** Work required **
Start with the first line of the material. Repeat each line exactly through the one that contains "Bee Knowledge Stainless".

** The records **
# # #

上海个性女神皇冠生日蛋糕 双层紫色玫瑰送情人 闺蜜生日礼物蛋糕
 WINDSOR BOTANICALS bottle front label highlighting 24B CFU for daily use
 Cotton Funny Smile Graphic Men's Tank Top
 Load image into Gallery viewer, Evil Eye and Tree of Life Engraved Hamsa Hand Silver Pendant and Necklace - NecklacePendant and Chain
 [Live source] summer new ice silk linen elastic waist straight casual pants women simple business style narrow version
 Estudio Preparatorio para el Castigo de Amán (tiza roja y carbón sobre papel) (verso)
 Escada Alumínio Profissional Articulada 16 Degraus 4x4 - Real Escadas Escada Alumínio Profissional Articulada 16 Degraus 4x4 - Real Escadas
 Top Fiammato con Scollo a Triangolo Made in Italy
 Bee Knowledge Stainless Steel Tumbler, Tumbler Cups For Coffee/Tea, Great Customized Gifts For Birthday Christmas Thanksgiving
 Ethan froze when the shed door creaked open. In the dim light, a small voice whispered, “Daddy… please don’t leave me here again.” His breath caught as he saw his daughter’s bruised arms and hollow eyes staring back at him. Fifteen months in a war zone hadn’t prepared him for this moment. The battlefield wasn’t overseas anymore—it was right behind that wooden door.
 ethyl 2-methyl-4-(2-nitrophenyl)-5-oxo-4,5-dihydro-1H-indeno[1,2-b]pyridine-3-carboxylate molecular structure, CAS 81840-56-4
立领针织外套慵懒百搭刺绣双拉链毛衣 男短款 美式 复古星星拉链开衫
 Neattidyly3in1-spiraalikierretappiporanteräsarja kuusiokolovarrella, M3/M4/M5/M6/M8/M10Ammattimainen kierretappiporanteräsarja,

# # #

** Answer section **
上海个性女神皇冠生日蛋糕 双层紫色玫瑰送情人 闺蜜生日礼物蛋糕
 WINDSOR BOTANICALS bottle front label highlighting 24B CFU for daily use
 Cotton Funny Smile Graphic Men's Tank Top
 Load image into Gallery viewer, Evil Eye and Tree of Life Engraved Hamsa Hand Silver Pendant and Necklace - NecklacePendant and Chain
 [Live source] summer new ice silk linen elastic waist straight casual pants women simple business style narrow version
 Estudio Preparatorio para el Castigo de Amán (tiza roja y carbón sobre papel) (verso)
 Escada Alumínio Profissional Articulada 16 Degraus 4x4 - Real Escadas Escada Alumínio Profissional Articulada 16 Degraus 4x4 - Real Escadas
 Top Fiammato con Scollo a Triangolo Made in Italy
 Bee Knowledge Stainless Steel Tumbler, Tumbler Cups For Coffee/Tea, Great Customized Gifts For Birthday Christmas Thanksgiving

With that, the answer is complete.